Sometimes food takes my taste buds on an adventure around the world somewhere, even though my body is plopped on the couch, looking outside at a grey, cloudy day. This mango avocado salsa takes me to sunny Mexico, with their perfect fresh mangoes and juicy limes.
This recipe was created as a pairing for my Jerk Tofu Tacos, which I’ll be posting later this week, but I thought this salsa stood out on its own, so it deserves its own recipe post. If you want a sneak peek at the tacos, check out my Instagram page for a tease.
This salsa is not only incredibly fresh tasting, it’s also quick and easy to prepare. You could be dipping chips in this in 5 minutes. What are you waiting for?
The rice vinegar was a last minute addition, that I recommend you don’t omit. It gives the salsa a nice tangy kick that works with the other ingredients without overpowering them.
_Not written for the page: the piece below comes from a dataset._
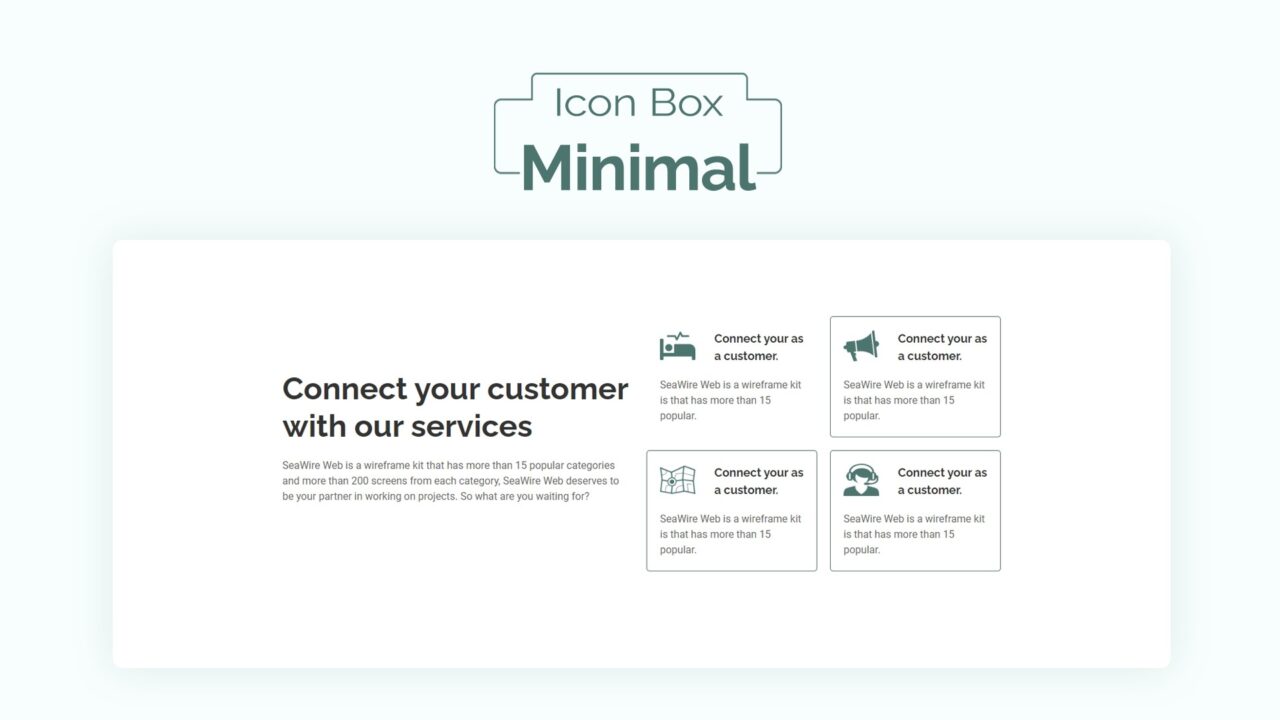 minimal-icon-box-section-style-02 | kitsWind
That’s all for now. I’ll be back later this week with a taco party!
- 2 Mangoes 2 cups, diced
- 1 Ripe Avocado 1 cup diced
- 2 Tbsp diced Green Onion
- 2 Tbsp chopped Cilantro
- 2 tsp Lime Juice
- 2 tsp Rice Vinegar
- ¼ tsp Sea Salt
Remove skin and pit from the mango and avocado, then dice into bite sized pieces. Place in a small mixing bowl. Chop cilantro and green onion, then add to bowl. Season with lime juice, vinegar and salt. Gently stir and taste. Serve with chips or tacos.